This is an implementation of the introspective adverserial networks as proposed by Brock et al for a CS543:Computer Vision class project. This project was our first dive into generative modeling using neural nets and hence, we took this opportunity to learn more about the literature in generative modeling and try our hands in implementing various variants that people have presented. All our results were on face images from celebA dataset.
We coded all GANs from scratch in order to test our understanding of the papers. We managed to get decent results in all variants with the same hyperparameters. However, the results were not as great as those shown in the papers. Some of our results are shown later.

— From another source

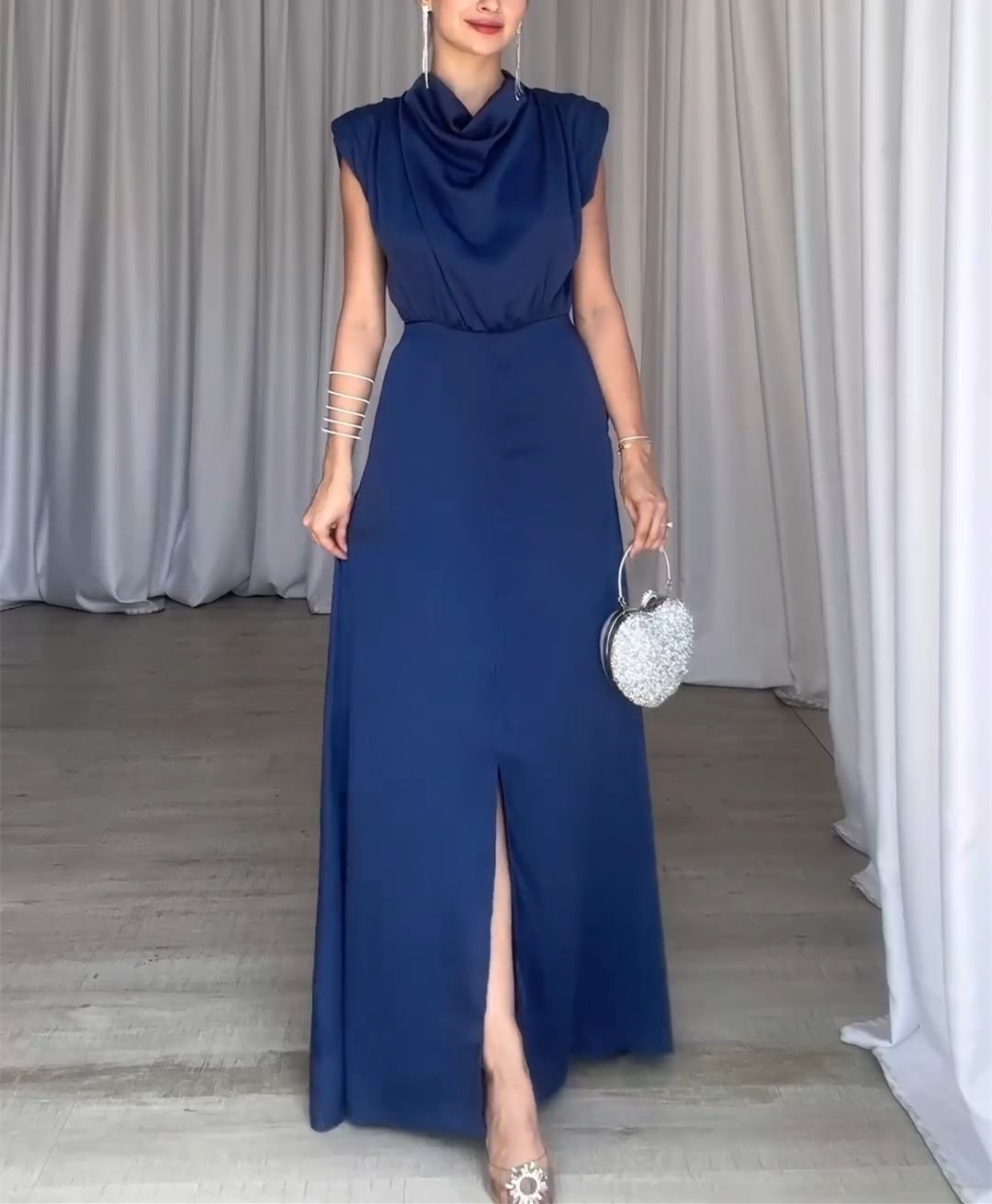 Sleeveless Blue and Black Solid Color Collar Maxi Dress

-- GAN: We implement a standard fully convolutional GAN to generate face images using the JS divergence metric (i.e. maximizing log-likelihood of samples)
-- wGAN: We maintain the same convolution structure but instead of an f-divergence we use a distance metric between distribution (Wasserstein distance). We also tried a supposedly improved variant of this GAN (one with gradient penalty that is based on unit norm gradient property of an optimal critic) however, we did not see much improvement in our result.
-- swGAN: Again, same architecture, but a different way of estimating the Wasserstein distance metric.
-- We borrowed most of our front end from the original authors of the paper and wrote just an API to interface our models with their specifications.
-- A demo of the interface in action can be found here.
-- If trained separately, without inference losses and feature losses, all GANs gave comparable results. The traditional GAN gave sharper images but worked only sometimes while the other two never matched the quality. Check out the imgs folder in the repo.
-- The front-end latent space editing worked well but the RGB space editing did not always give semantically meaningful edits. Most of the time it just changed the skin-tone. The lack of controllability should be worked on in the future.
-- We trained all modules in the network together and this is why the generator sample quality was not that great. We wanted to train the inference network separately after training the GAN modules. We would expect to see significant improvements.
-- The interface could be vastly improved (made non-hacky).